Requirement: Look below for the line containing "Зелені насадження Блю Арроу". Write out that line and the rest through the last one, exactly as they appear, but without pictures.

Start of Supplied data

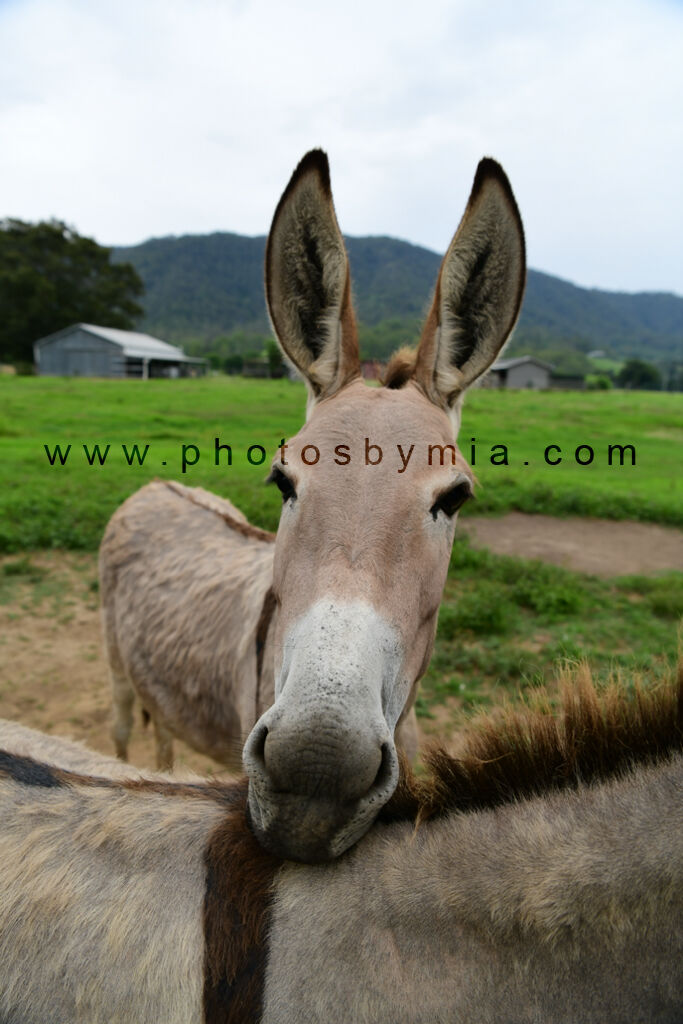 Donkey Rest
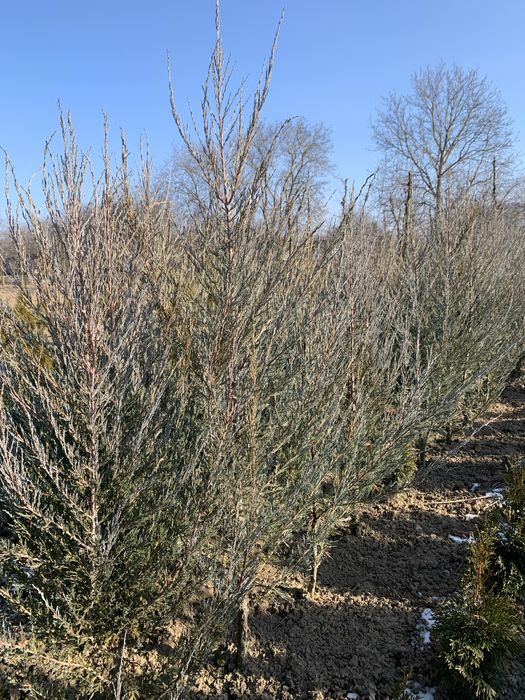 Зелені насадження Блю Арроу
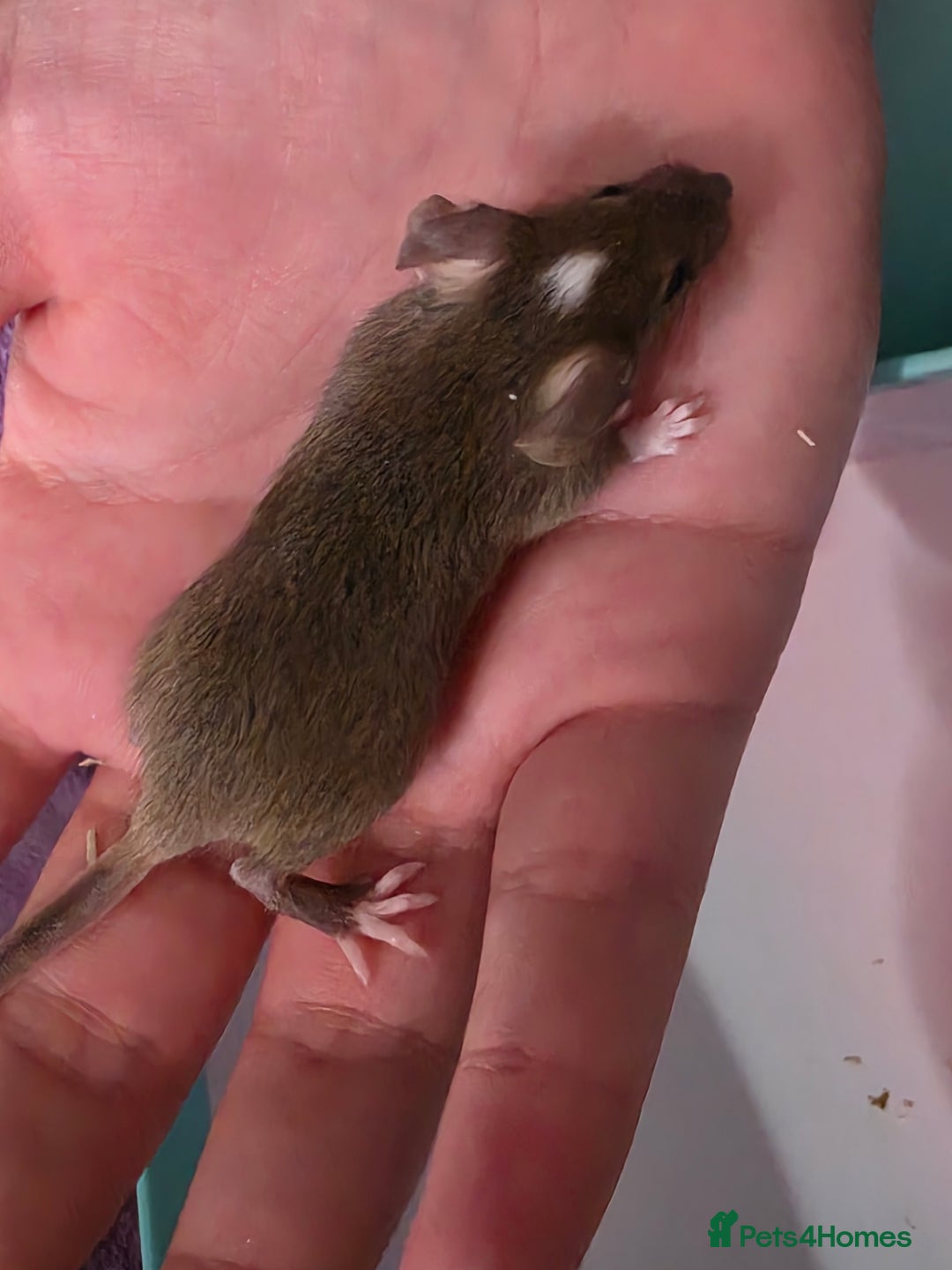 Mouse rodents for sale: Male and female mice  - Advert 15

End of Supplied data

Response to the task:
 Зелені насадження Блю Арроу
 Mouse rodents for sale: Male and female mice  - Advert 15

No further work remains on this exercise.